### Work to complete
The reply to the records below should contain exactly the lines from the line with "Double USB Electric" through the line with "Imagem de Sala", and nothing besides.

### Working data
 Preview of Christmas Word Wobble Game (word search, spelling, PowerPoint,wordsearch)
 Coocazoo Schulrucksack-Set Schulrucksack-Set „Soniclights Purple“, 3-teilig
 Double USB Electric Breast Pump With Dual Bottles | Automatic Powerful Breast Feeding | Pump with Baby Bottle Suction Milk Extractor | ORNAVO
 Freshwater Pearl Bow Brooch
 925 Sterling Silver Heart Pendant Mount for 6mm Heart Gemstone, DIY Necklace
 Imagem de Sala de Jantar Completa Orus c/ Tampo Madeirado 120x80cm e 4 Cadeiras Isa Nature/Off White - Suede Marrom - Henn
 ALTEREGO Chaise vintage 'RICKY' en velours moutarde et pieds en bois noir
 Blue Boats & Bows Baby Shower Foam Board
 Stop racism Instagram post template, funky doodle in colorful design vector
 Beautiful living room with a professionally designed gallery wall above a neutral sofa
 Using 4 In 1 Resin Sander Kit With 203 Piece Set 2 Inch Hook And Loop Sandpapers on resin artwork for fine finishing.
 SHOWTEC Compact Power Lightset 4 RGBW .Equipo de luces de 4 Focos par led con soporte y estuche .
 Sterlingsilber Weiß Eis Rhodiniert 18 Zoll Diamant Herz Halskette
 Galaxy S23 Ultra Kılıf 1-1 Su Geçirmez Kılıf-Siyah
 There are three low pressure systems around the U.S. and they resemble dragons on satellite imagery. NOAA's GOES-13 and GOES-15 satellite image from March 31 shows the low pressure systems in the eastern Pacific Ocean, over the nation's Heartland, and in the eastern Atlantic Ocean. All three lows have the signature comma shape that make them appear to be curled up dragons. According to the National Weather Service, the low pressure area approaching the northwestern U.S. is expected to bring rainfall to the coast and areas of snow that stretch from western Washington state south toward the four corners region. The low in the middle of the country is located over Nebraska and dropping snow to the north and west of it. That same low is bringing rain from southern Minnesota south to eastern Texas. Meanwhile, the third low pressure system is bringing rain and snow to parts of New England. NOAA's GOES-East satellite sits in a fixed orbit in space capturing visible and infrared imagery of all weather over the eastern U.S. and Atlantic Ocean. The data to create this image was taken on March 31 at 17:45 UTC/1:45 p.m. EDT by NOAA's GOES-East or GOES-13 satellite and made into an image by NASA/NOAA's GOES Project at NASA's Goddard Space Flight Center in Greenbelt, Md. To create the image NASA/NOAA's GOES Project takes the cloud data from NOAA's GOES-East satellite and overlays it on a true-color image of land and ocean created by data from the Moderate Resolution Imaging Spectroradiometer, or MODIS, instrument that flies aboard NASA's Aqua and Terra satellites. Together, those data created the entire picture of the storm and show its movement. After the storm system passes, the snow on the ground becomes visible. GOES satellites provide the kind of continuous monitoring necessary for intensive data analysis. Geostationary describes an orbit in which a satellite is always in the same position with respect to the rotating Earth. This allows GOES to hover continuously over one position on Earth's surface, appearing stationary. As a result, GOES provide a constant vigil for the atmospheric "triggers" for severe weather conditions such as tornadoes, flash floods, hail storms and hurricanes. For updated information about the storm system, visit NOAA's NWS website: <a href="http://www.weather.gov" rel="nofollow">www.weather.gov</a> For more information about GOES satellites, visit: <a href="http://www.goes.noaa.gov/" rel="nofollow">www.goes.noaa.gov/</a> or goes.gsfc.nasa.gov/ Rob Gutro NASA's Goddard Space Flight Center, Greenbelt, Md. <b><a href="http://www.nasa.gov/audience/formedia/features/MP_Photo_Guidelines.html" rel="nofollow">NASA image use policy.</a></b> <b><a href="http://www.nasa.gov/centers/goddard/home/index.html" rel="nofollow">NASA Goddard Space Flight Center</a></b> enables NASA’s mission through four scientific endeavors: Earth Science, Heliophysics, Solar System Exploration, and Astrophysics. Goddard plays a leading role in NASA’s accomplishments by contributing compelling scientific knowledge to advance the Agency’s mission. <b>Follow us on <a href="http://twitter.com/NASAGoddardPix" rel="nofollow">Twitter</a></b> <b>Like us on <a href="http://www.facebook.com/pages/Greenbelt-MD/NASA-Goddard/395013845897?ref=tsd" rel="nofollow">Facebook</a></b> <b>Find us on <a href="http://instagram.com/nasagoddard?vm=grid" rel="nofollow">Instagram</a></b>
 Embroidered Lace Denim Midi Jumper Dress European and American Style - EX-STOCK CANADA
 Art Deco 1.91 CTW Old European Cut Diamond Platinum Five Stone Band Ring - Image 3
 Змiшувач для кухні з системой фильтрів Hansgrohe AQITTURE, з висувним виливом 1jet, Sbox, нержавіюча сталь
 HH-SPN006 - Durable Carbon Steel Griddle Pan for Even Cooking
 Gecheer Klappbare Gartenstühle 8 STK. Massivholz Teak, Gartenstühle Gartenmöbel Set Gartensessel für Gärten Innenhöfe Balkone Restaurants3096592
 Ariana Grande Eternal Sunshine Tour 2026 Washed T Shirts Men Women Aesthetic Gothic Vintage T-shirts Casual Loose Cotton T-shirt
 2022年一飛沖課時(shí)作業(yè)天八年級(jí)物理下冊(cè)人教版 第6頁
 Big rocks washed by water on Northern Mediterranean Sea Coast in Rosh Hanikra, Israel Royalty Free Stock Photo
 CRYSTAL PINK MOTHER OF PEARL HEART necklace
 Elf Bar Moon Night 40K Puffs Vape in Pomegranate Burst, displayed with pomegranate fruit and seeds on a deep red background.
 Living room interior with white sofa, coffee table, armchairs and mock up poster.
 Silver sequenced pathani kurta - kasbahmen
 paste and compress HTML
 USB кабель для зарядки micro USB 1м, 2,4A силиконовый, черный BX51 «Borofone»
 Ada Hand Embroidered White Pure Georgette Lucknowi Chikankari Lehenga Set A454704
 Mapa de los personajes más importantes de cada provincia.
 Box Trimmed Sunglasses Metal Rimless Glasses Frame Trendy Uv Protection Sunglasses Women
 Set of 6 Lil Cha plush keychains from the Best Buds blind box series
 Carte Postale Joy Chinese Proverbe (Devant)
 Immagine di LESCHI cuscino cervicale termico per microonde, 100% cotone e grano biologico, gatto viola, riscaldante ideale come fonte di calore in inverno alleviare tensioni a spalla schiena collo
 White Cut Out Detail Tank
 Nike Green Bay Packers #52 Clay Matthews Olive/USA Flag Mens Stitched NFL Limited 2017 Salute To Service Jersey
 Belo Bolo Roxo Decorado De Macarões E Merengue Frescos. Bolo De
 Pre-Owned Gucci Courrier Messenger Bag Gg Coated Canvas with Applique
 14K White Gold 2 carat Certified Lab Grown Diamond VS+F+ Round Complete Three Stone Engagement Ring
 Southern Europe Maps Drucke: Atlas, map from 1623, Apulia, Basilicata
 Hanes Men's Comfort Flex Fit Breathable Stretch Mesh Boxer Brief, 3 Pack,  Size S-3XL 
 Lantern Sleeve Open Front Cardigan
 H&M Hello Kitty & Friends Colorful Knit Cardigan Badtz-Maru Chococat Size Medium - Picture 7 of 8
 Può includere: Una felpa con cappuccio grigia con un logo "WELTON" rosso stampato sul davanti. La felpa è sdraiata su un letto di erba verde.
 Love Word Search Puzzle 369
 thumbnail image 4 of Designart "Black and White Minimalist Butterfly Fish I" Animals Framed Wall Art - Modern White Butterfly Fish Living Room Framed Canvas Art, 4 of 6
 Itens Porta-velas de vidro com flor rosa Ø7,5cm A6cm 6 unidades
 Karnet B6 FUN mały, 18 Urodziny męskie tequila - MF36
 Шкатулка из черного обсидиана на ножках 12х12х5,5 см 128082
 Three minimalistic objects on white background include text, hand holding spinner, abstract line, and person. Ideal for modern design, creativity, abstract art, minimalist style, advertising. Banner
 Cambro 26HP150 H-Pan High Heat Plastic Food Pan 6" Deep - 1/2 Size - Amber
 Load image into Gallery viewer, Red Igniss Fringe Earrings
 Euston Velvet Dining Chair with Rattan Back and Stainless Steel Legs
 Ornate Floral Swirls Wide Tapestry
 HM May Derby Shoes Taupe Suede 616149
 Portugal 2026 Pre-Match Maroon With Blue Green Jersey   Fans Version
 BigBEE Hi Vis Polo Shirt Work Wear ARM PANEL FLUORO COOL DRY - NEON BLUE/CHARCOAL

### Your response
 Double USB Electric Breast Pump With Dual Bottles | Automatic Powerful Breast Feeding | Pump with Baby Bottle Suction Milk Extractor | ORNAVO
 Freshwater Pearl Bow Brooch
 925 Sterling Silver Heart Pendant Mount for 6mm Heart Gemstone, DIY Necklace
 Imagem de Sala de Jantar Completa Orus c/ Tampo Madeirado 120x80cm e 4 Cadeiras Isa Nature/Off White - Suede Marrom - Henn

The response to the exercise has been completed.